Selanjutnya, ketelatenan dari peternak dalam merawat hewan ternaknya. Bahkan, beberapa dari mereka berinisiatif untuk memberikan obat herbal, seperti olesan madu maupun kunyit. Pasalnya, kini persediaan obat-obatan mulai menipis. “Tetapi, kami mengapresiasi upaya mereka untuk memberikan obat-obatan herbal tersebut,” katanya.

Menjelang Idul Adha, dia menambahkan, Disperpa akan menerjunkan tim untuk memantau kesehatan hewan-hewan yang ada di depo-depo daging. Sesuai aturan dari Kementerian Pertanian (Kementan), setiap hewan harus disertai surat keterangan kesehatan hewan (SKKH).

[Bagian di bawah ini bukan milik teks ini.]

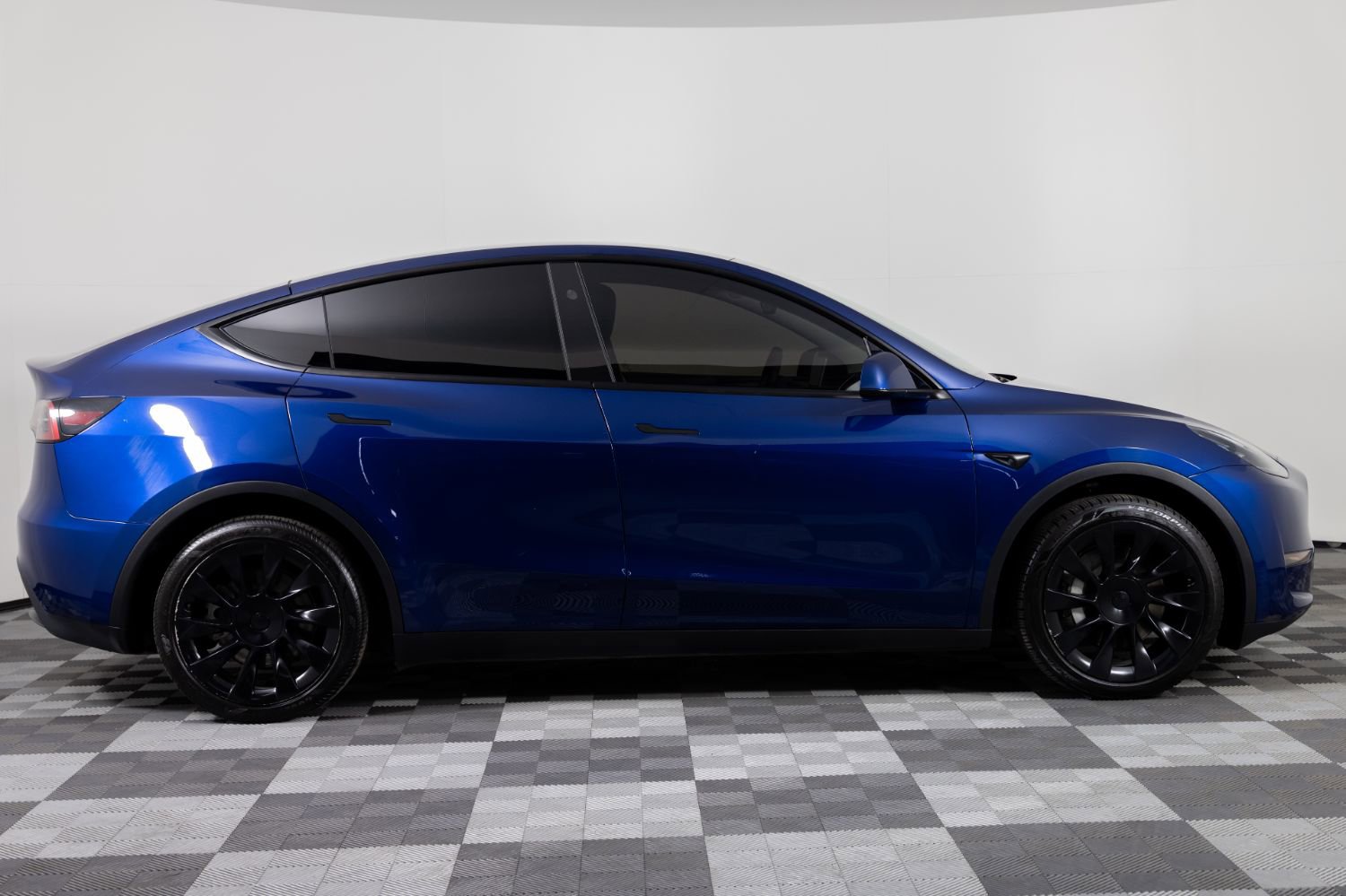 Used 2024 Tesla Model Y Long Range AWD/4WD image 9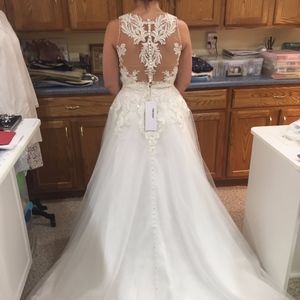 Allure Wedding dress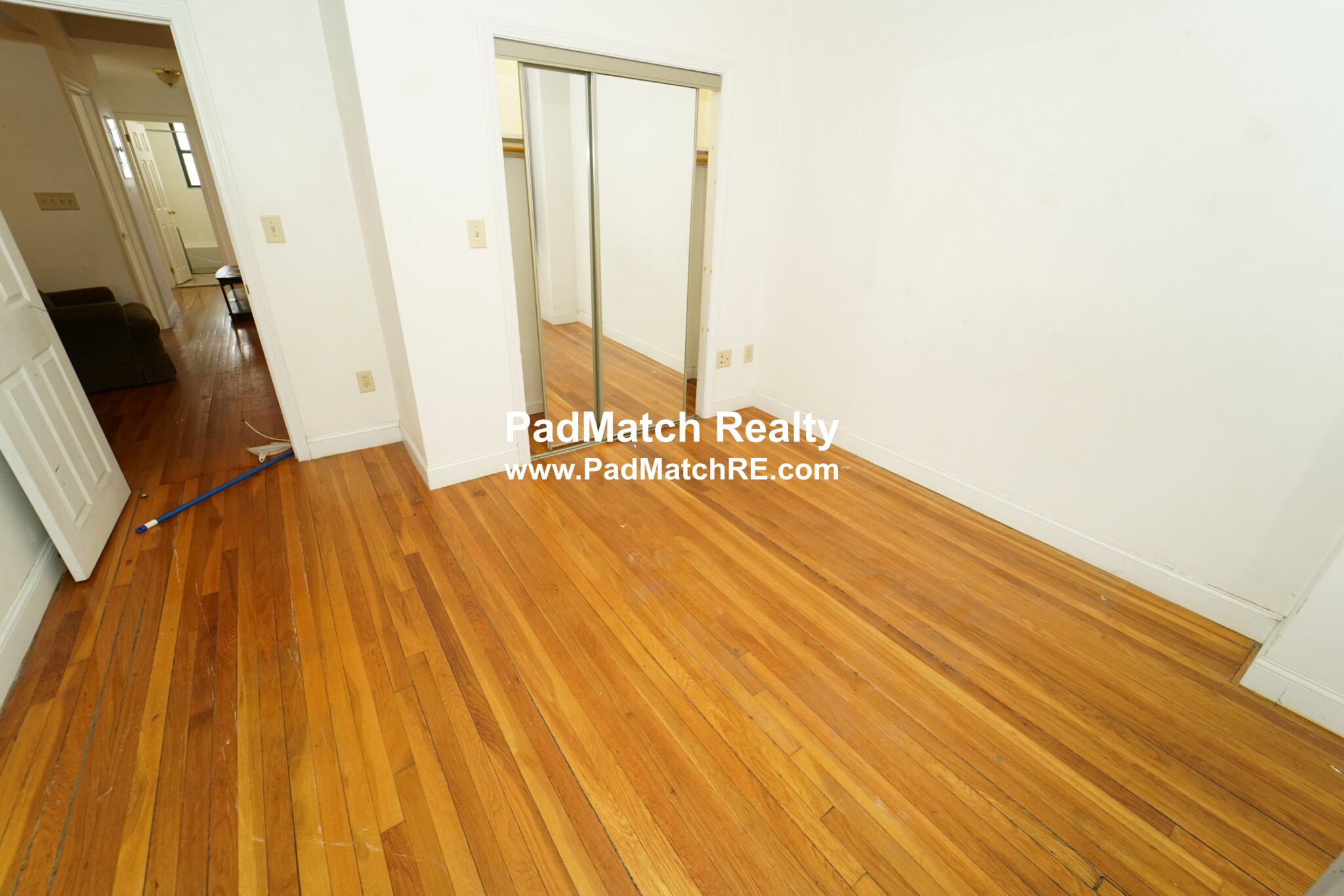 Photo 5 of 19 Egremont Rd. Unit 1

Dia juga mengimbau, tempat penyembelihan hewan kurban seyogyanya dilengkapi tempat perebusan. Terutama bagian kepala, kaki, ekor, maupun lidah hewan harus direbus terlebih dahulu sebelum diedarkan. “Kalau seandainya pada hari H ditemukan hewan kurban bergejala klinis ringan, ada perlakuan khusus,” jelasnya.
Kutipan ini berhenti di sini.